# Activity
Among the entries below, one stretch runs from the line that contains "New England Patriots" through the line that contains "LIGE 2-in-1 Smartwatch". Repeat that stretch exactly, ends included, and only that.

# Materials provided
------------

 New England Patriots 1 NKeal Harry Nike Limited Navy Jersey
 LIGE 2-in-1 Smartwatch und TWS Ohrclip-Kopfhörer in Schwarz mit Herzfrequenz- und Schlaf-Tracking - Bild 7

------------

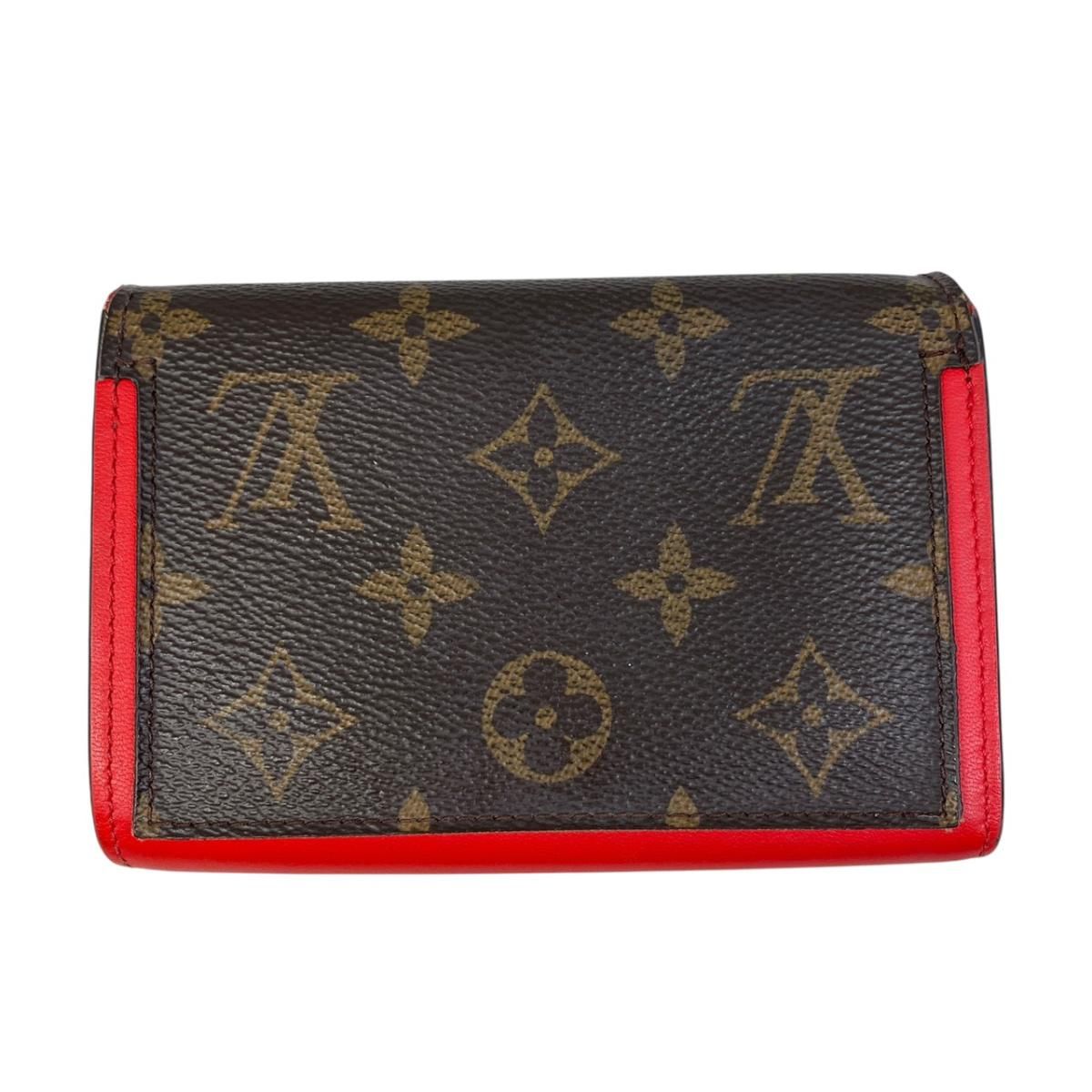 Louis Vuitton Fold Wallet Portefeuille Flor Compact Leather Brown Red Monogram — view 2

------------

# Output
 New England Patriots 1 NKeal Harry Nike Limited Navy Jersey
 LIGE 2-in-1 Smartwatch und TWS Ohrclip-Kopfhörer in Schwarz mit Herzfrequenz- und Schlaf-Tracking - Bild 7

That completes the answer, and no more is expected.